* [Source data]:
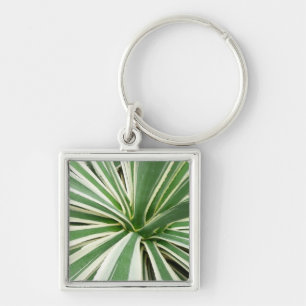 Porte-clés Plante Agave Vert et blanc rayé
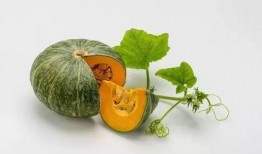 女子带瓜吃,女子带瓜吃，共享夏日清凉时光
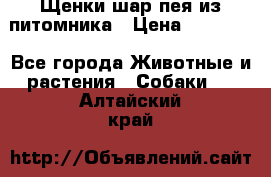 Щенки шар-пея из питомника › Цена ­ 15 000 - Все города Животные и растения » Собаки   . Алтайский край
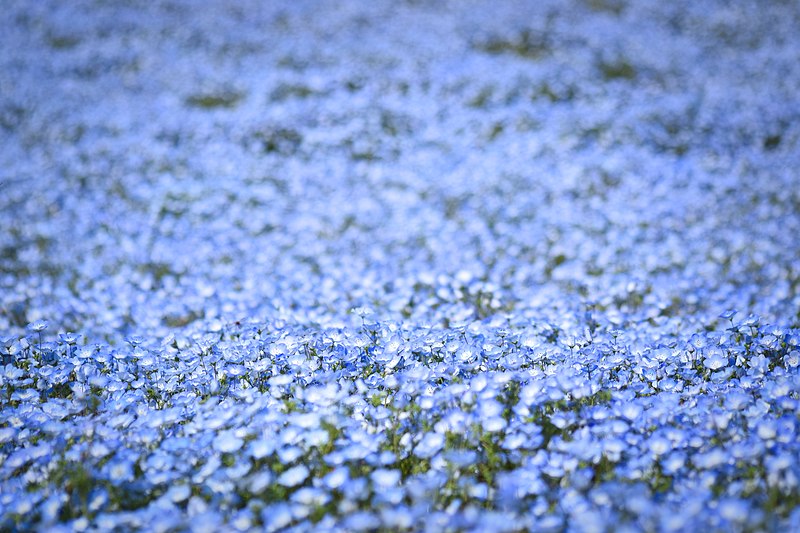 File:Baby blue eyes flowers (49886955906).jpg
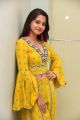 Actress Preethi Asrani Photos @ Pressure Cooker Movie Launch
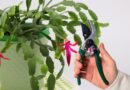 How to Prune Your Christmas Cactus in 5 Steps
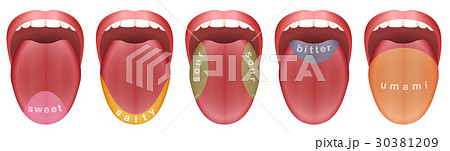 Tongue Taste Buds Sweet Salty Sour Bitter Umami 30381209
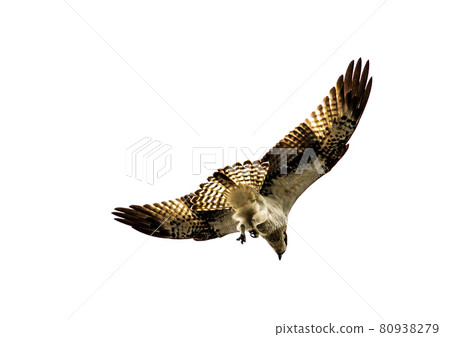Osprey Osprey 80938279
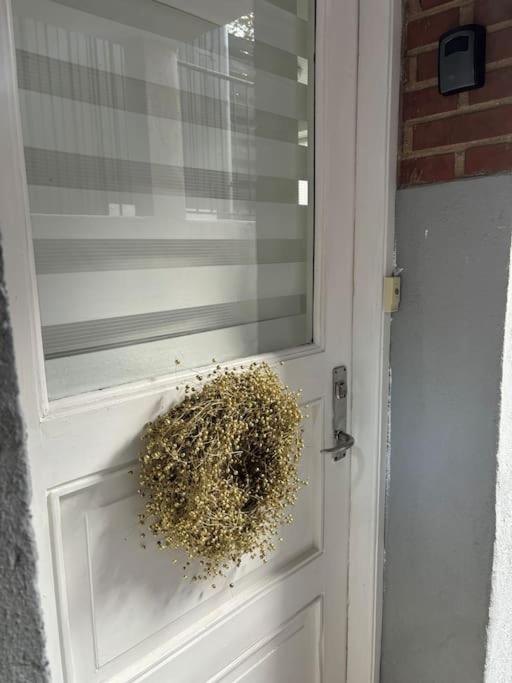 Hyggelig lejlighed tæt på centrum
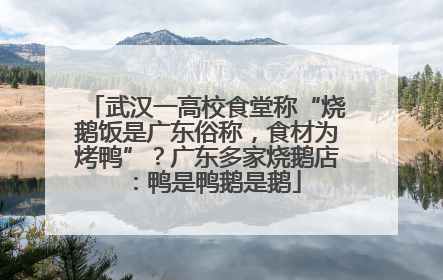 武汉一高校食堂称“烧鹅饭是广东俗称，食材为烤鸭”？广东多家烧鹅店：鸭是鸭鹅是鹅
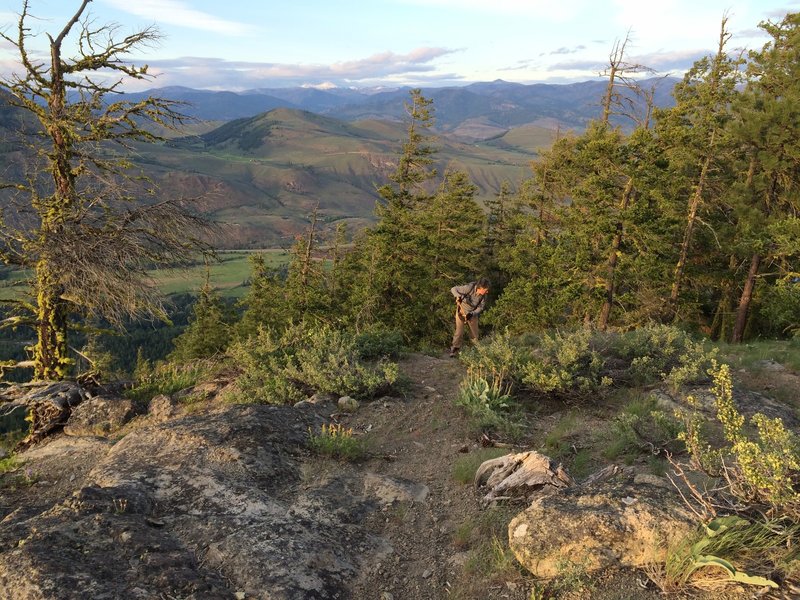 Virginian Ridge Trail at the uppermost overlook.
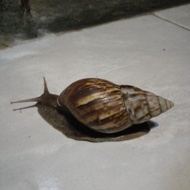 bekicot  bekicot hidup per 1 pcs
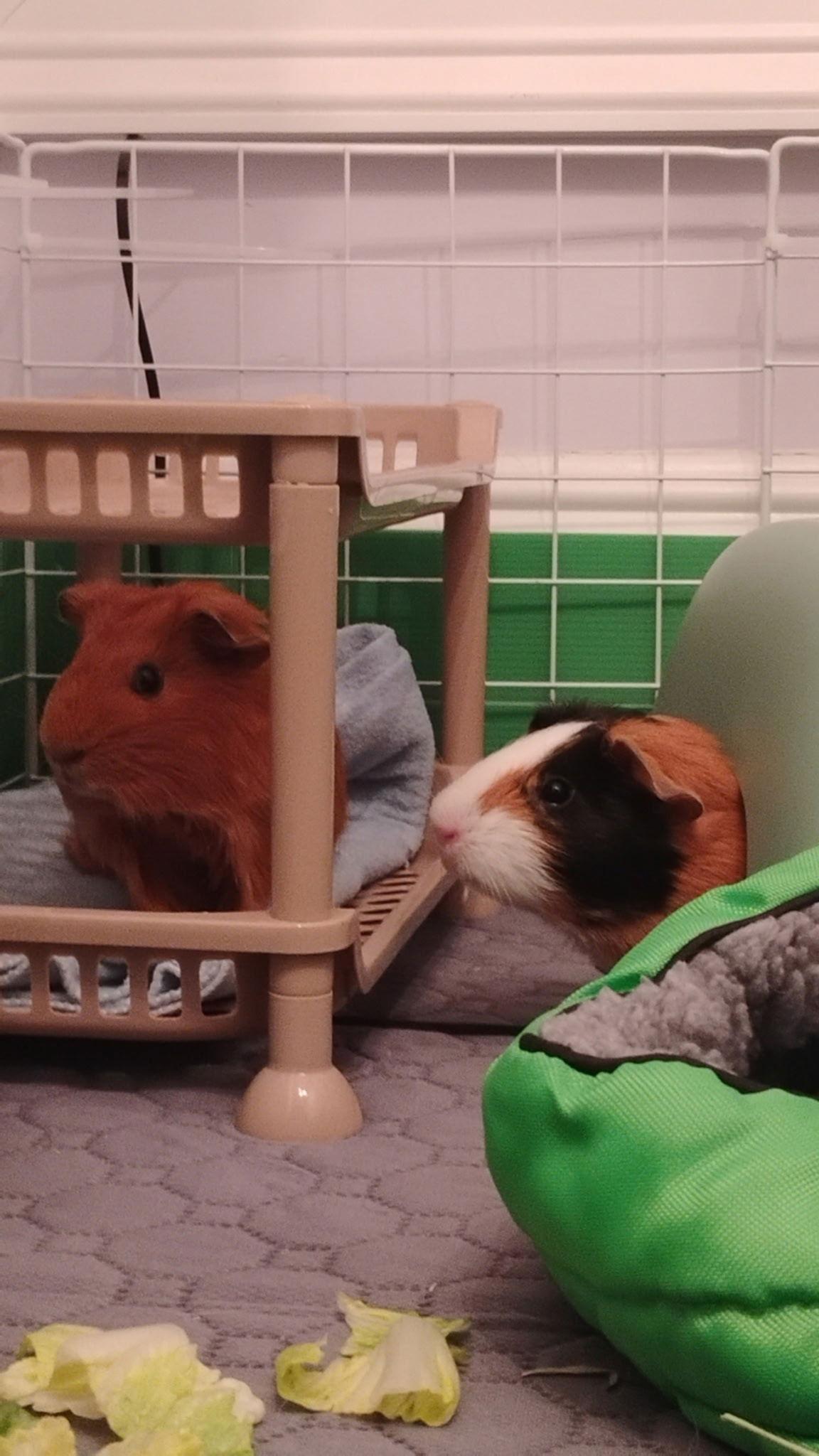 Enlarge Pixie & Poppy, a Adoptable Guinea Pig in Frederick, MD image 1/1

--

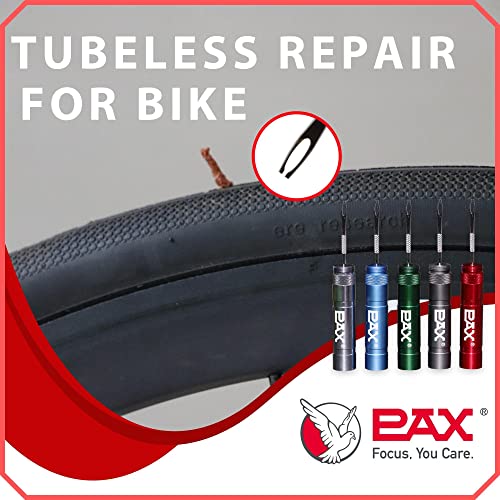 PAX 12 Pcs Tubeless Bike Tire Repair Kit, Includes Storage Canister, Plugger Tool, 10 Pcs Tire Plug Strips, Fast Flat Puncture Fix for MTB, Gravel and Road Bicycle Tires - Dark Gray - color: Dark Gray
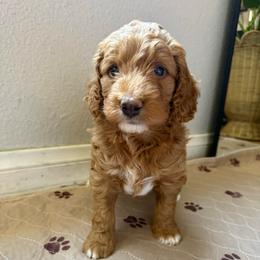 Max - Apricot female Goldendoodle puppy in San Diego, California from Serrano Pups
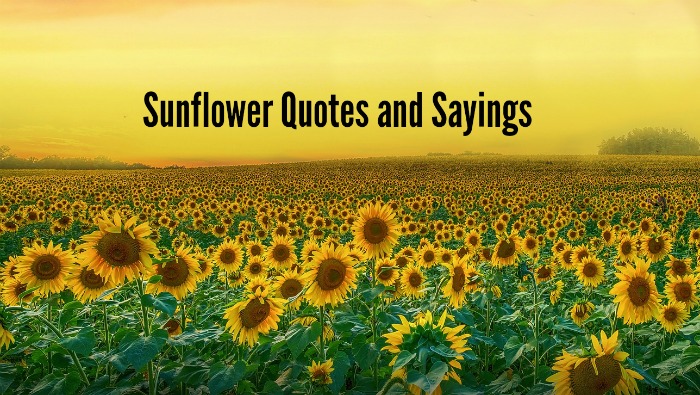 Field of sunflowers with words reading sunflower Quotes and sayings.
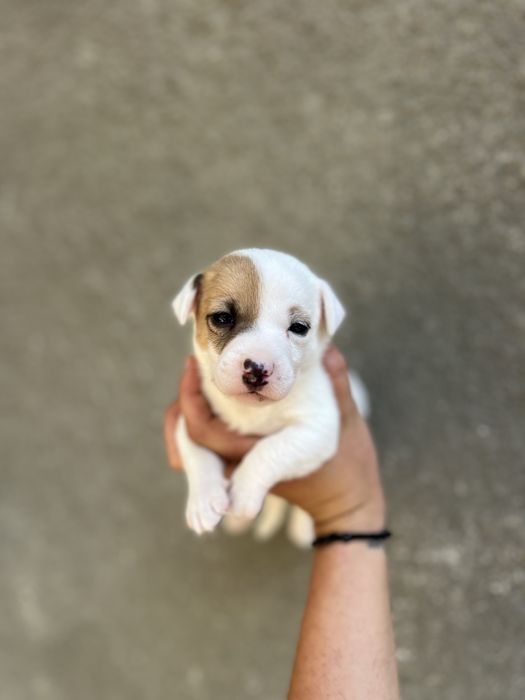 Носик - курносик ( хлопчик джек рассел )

* [What the exercise asks]: What are the lines in the records above, word for word, from the one containing "File:Baby blue eyes" through the one containing "hidup per 1 pcs", both ends included and pictures left out?

* [The answer]:
 File:Baby blue eyes flowers (49886955906).jpg
 Actress Preethi Asrani Photos @ Pressure Cooker Movie Launch
 How to Prune Your Christmas Cactus in 5 Steps
 Tongue Taste Buds Sweet Salty Sour Bitter Umami 30381209
Osprey Osprey 80938279
 Hyggelig lejlighed tæt på centrum
 武汉一高校食堂称“烧鹅饭是广东俗称，食材为烤鸭”？广东多家烧鹅店：鸭是鸭鹅是鹅
 Virginian Ridge Trail at the uppermost overlook.
 bekicot  bekicot hidup per 1 pcs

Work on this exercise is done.